My start-up company has a product, the (4-in-1) Trans4mer, that was invented after my own experience with in-home physical therapy. That therapy had me using multiple exercise balls, bells and weights, which are both costly and space-consuming. Our product is a market disrupter but we have start-up financing problems. How do you effectively take advantage of this situation as a bootstrap-funded start-up vs. well-funded leaders in the health and fitness industry?
Gary Shorter, President, GoXercise Inc.
The entrepreneur’s question raises a much larger question about focus and market entry. Many entrepreneurs think they can grow fast across multiple market segments using bootstrapping techniques. This is seldom the case. The most effective way to bootstrap finance a company is to grow slowly, identify a market segment without direct competition and develop superior value.
I sincerely believe GoXercise is an effective solution for someone, but that isn’t the issue. What matters is what an entrepreneur can do to develop this solution into a sustainable business, and that often requires a laser focus on a specific market segment and value proposition. Often it requires moving the value proposition from a nice-to-have solution to a need-to-have solution by focusing on a specific need or application.

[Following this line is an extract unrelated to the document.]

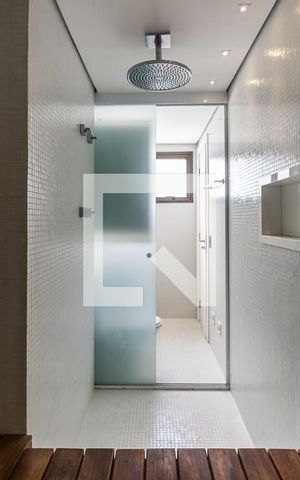 Apartamento à venda com 120m², 1 quarto e 2 vagasBanheiro da Suíte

Bootstrap financing relies on a well-defined — perhaps narrow — market entry point. Often, this market segment can be defined such that you have no direct competition; you can own the segment. If there is a segment you can own, then there is little need to spend significant dollars on advertising or compete on price. You can build a base of dedicated users who become your product evangelists. From this base it becomes easier to expand to new customer segments, and if necessary, raise money. Demonstrating significant value and demand is more difficult than raising money.